Znodes, normal, ephemeral and sequence
Nodes in a Zookeeper tree are called znodes. A znode is a data (stat) struct with statistical data and a byte array to store user data. Zookeeper is not meant to be a database so there are checks to ensure znoeds have less than 1M of data. Here is an overview of the stats:
- czxid – The zxid of the change that caused this znode to be created.
- mzxid – The zxid of the change that last modified this znode.
- crime – The time in milliseconds from epoch when this znode was created.
- mime – The time in milliseconds from epoch when this znode was last modified.
- version – The number of changes to the data of this znode.
- coercion – The number of changes to the children of this znode.
- aversion – The number of changes to the ACL of this znode.
- ephemeralOwner – The session id of the owner of this znode if the znode is an ephemeral node. If it is not an ephemeral node, it will be zero.
- dataLength – The length of the data field of this znode.
- numChildren – The number of children of this znode.
Besides the normal znode there is also another type of znode called ephemeral node. This node only exists as long as there is a connection to the client that created it. It disappears as soon as the connection is closed or lost. Ephemeral nodes can not have child nodes.
Every type of node can be created as a sequence node. A sequence node will have a number appended to the node name, every time a child node gets added the number increases by one. With this you can keep track which child nodes under a parent where created first.
Operations on znodes
Clients can create, modify, delete and ask information about nodes in the Zookeeper tree, the operations which can be done are very similar to the ones you can do on a file system.
Here is a list:
- create – creates a node at a location in the tree
- delete – deletes a node
- exists – tests if a node exists at a location
- get data – reads the data from a node
- set data – writes data to a node
- get children – retrieves a list of children of a node
- sync – waits for data to be propagated
Once the client is connected and nodes are created the client can set a watch on specific nodes in the tree. The moment these nodes change the Zookeeper server will send an event to the subscribed clients. Watches can be set with the following operations: getData(), getChildren() and exists. One thing to note: events will always arrive in order at the client.
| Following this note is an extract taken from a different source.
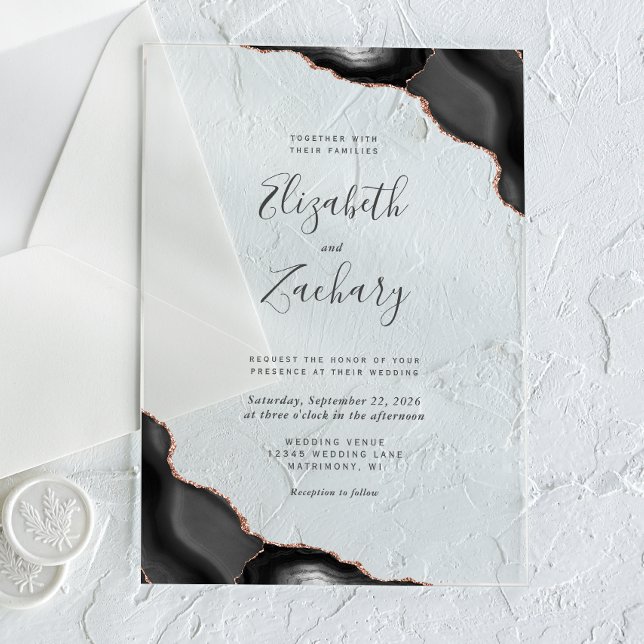 Modern Black Rose Gold Agate Corners Wedding Acrylic Invitations (Creator Uploaded)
There are five event types, all self explanatory, except the last one:
- Node children changed
- Node created
- Node data changed
- Node deleted
The first four all have to do with events happening related to a watched node. The last one is special, it indicates a change in the state of the connection. When you get a None event check the keeper state to so whats going on. Possible values are:
- AuthFailed – Auth failed state
- Disconnected – The client is in the disconnected state – it is not connected to any server in the ensemble
- Expired – The serving cluster has expired this session
- SyncConnected – The client is in the connected state – it is connected to a server in the ensemble (one of the servers specified in the host connection parameter during ZooKeeper client creation)
As you can guess, this first thing your watcher will get once it connects is a None event with a SyncConnected state.
So far an overview of the main workings of Zookeeper. There is a lot more to it, I haven’t spoken about ACLs, master election, two phase commits, but I hope this overview will you get started.